Framework-agnostic multi-backend storage abstraction for ML and scientific computing
Project description
polystore
Framework-agnostic multi-backend storage abstraction for ML and scientific computing
Features
- Pluggable Backends: Disk, memory, Zarr, and streaming backends with auto-registration
- Multi-Framework I/O: Seamless support for NumPy, PyTorch, JAX, TensorFlow, CuPy
- Atomic Operations: Cross-platform atomic file writes with automatic locking
- Batch Operations: Efficient batch loading and saving
- Format Detection: Automatic format detection and routing
- Type-Safe: Full type hints and mypy support
- Zero Dependencies: Core requires only NumPy (framework support is optional)
Quick Start
from polystore import FileManager, BackendRegistry
# Create registry and file manager
registry = BackendRegistry()
fm = FileManager(registry)
# Save data to disk
import numpy as np
data = np.array([[1, 2], [3, 4]])
fm.save(data, "output.npy", backend="disk")
# Load data back
loaded = fm.load("output.npy", backend="disk")
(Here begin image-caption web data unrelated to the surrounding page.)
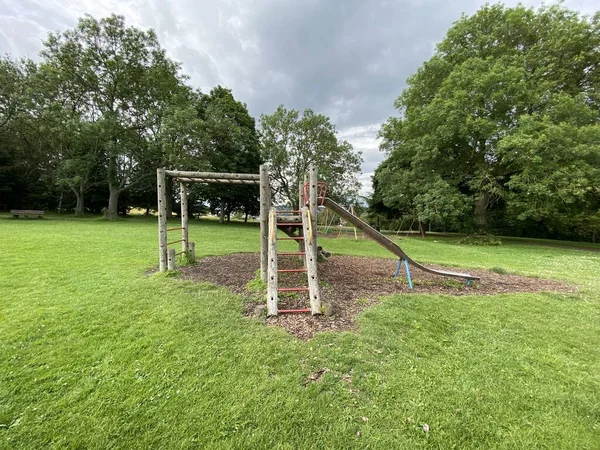 子供たちはイギリスのブラッドフォード州ノースクリフ公園の古い木の近くで遊ぶ — ストック写真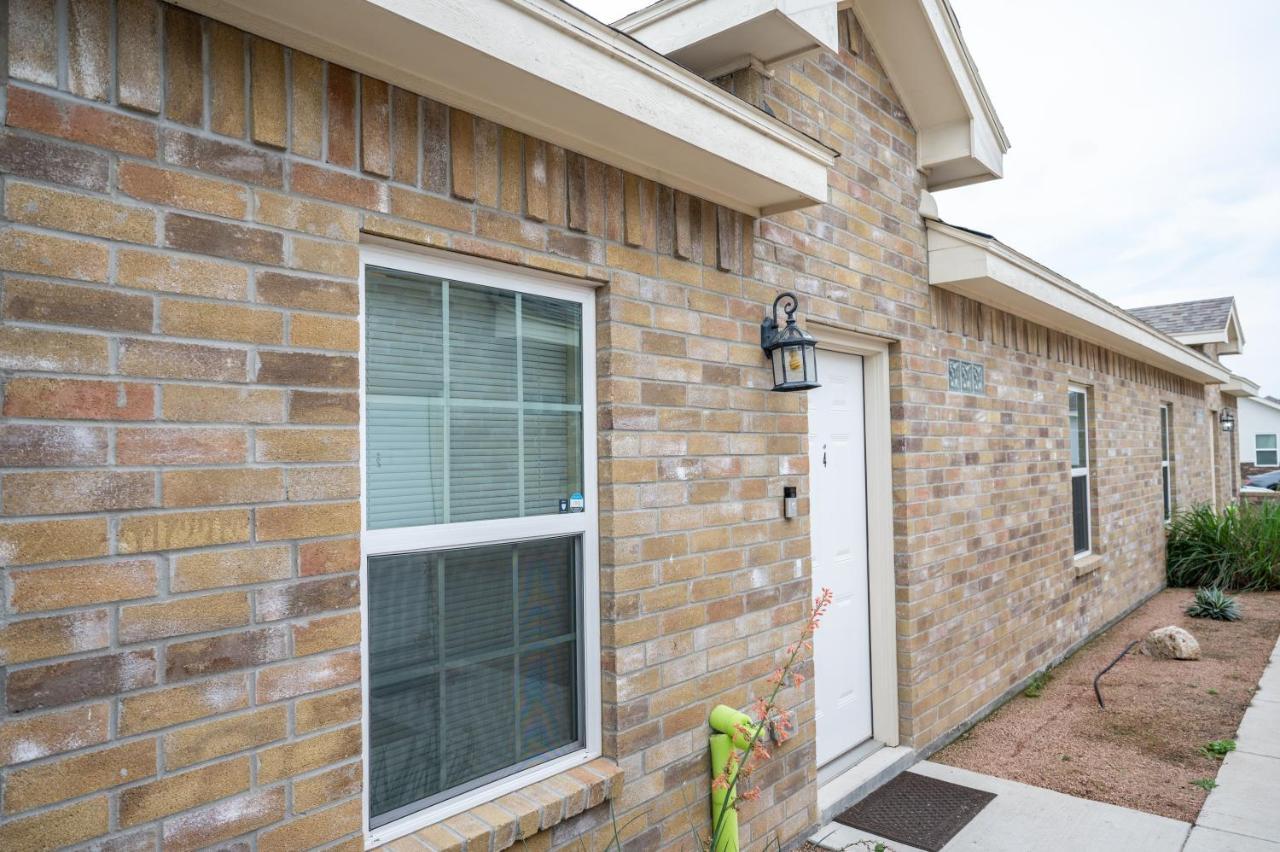 Ferienwohnung Fabulous King Size Bed In A Gated Neighborhood! Edinburg Exterior foto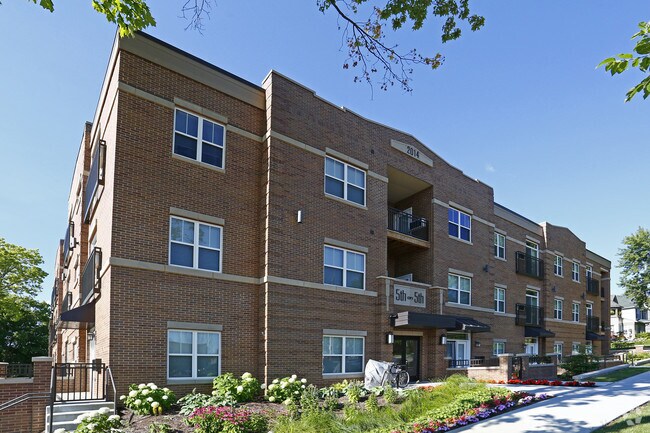 5th on 5th Apartments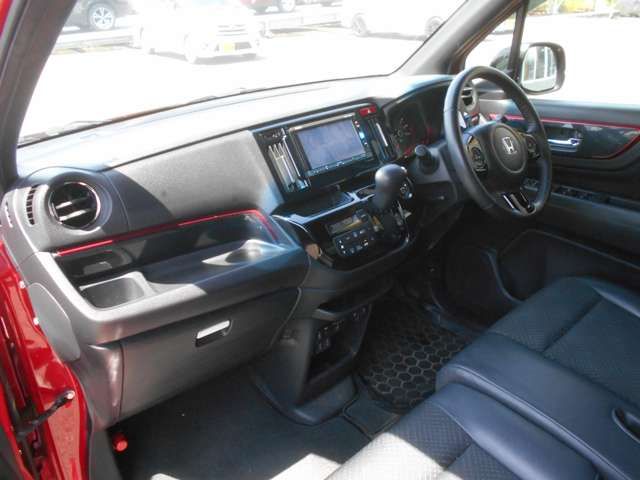 Honda N-WGN 2017-04 5722-2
# Use memory backend for testing
fm.save(data, "test.npy", backend="memory")
cached = fm.load("test.npy", backend="memory")
Installation
# Base installation (NumPy only)
pip install polystore
# With specific frameworks
pip install polystore[zarr]
pip install polystore[torch]
pip install polystore[jax]
pip install polystore[tensorflow]
pip install polystore[cupy]
# With streaming support
pip install polystore[streaming]
# With all optional dependencies
pip install polystore[all]
Supported Backends
| Backend | Description | Storage | Dependencies |
|---|---|---|---|
| disk | Local filesystem | Persistent | None |
| memory | In-memory cache | Volatile | None |
| zarr | Zarr/OME-Zarr arrays | Persistent | zarr, ome-zarr |
| streaming | ZeroMQ streaming | None | pyzmq |
Supported Formats
| Format | Extensions | Frameworks |
|---|---|---|
| NumPy | .npy, .npz |
NumPy, PyTorch, JAX, TensorFlow, CuPy |
| TIFF | .tif, .tiff |
NumPy, PyTorch, JAX, TensorFlow, CuPy |
| Zarr | .zarr |
NumPy, PyTorch, JAX, TensorFlow, CuPy |
| PyTorch | .pt, .pth |
PyTorch |
| CSV | .csv |
NumPy, pandas |
| JSON | .json |
Python dicts |
Architecture
polystore/
├── base.py # Abstract interfaces (DataSink, DataSource, StorageBackend)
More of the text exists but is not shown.